_Assignment_.
Output, exactly as written, the lines below from the one that has "Foto del paso" through the one that has "Gần Bàu Cát"; nothing else, and no pictures.

_Input_.
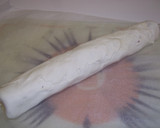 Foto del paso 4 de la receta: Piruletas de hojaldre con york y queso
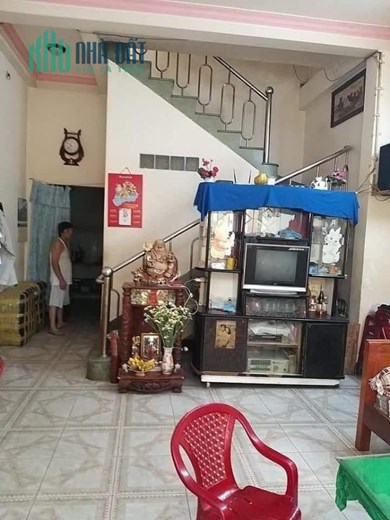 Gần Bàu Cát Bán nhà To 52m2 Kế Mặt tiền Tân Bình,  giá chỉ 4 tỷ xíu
...
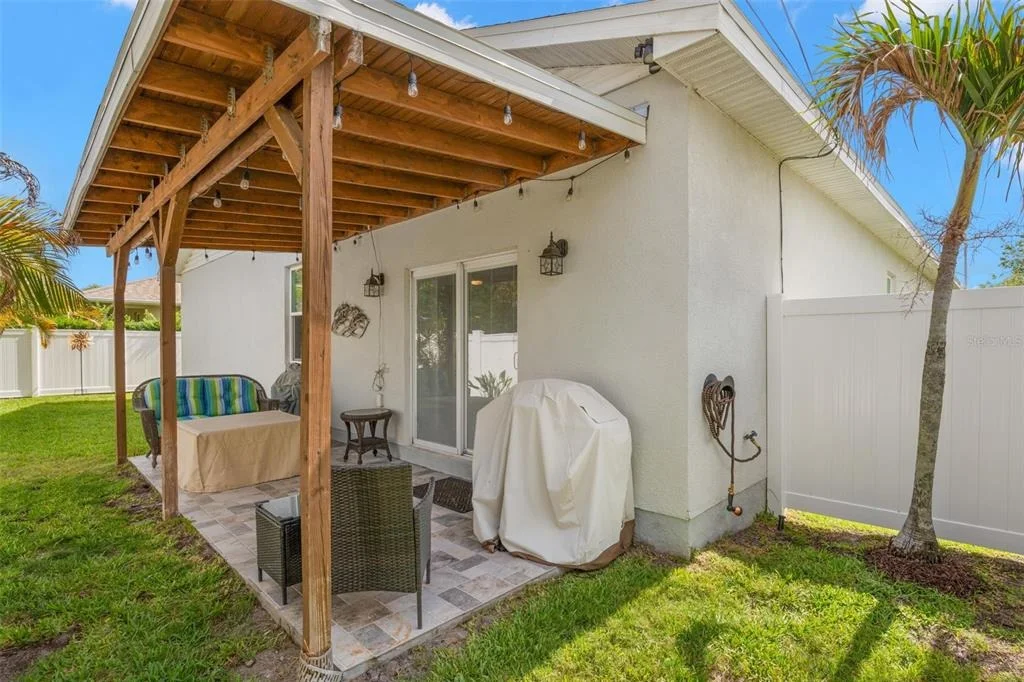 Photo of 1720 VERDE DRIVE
--
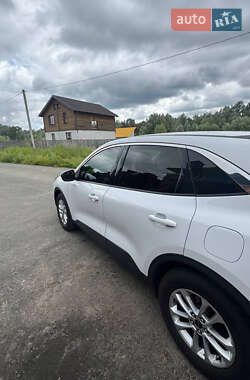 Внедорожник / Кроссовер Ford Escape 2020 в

_Solution for this exercise_.
 Foto del paso 4 de la receta: Piruletas de hojaldre con york y queso
 Gần Bàu Cát Bán nhà To 52m2 Kế Mặt tiền Tân Bình,  giá chỉ 4 tỷ xíu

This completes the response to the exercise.